I have a homework problem I am unable to finish. Could someone please help me proceed?
Problem: Suppose $(X, \mathcal{A}, \mu)$ is a finite measure space (that is, $\mu(x) < \infty$ ) and $f:\mathbb{R} \to \mathbb{R}$ is bounded and continuous. Define a composition mapping $ F (u) = f \circ u$. Show that if $1\leq p < \infty$ , the map $ F: L^p(X) \to L^p(X)$ is continuous.

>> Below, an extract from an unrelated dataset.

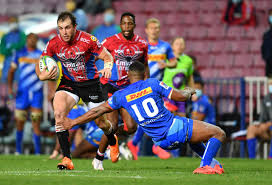 May 12, 2021 · british & irish lions 2021 tv coverage. Sigma Lions Team To Play British Irish Lions Rugby World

My working: Let $(u_n)_{n\in \mathbb{N}}$ be a sequence of functions such that $ \| u_n - u \|_p \to 0.$ We need to show that $ \| F(u_n) - F(u) \|_p \to 0.$ Since $f$ is bounded, there exists $M\in \mathbb{R}$ such that $|f(x)| < M $ for all $x\in \mathbb{R}$. Thus a dominating function of $h_n(x) = | f( u_n(x) ) - f(u(x))|^p $ is $g(x) = (2M)^p $ and since $ \int_X (2M)^p dx = (2M)^p \int_X d\mu = (2M)^p \mu(X) < \infty $, by the Dominated Convergence Theorem we have that $ \lim_{n\to\infty} \int_X | f( u_n(x) ) - f(u(x))|^p dx = \int_X \lim_{n\to\infty} | f( u_n(x) ) - f(u(x))|^p dx. $ By the continuity of $f$, the absolute value function and exponentiation by $p$, we can then get $ \lim_{n\to\infty} \int_X | f( u_n(x) ) - f(u(x))|^p dx = \int_X | f( \lim_{n\to\infty} u_n(x) ) - f(u(x))|^p dx. $ Now, from here I am unsure how to proceed. One thing I know is that if $(u_n)_{n\in \mathbb{N}}$ is a sequence of functions such that $ \| u_n - u \|_p \to 0$, then there exists a subsequence $(u_{n_k}) $ such that $u_{n_k}$ converges pointwise to $u$ almost everywhere. If we let $N$ denote the set where the pointwise convergence does not hold, then we have $ \int_X| f( \lim_{n\to\infty} u_{n_k}(x) ) - f(u(x))|^p dx = \int_{X/N} 0 dx + \int_N | f( \lim_{n\to\infty} u_{n_k} (x) ) - f(u(x))|^p dx =0$ where the first integral is $0$ because the integrand is $0$, and the second integral is zero because $\mu(N) = 0$. So that shows the limit I want for at least a subsequence, but I don't know how to connect the others back to it. Any help would be greatly appreciated, but I would especially prefer if your answer finishes off my proof leaving most of it intact, rather than perhaps an entirely different start. Thank you.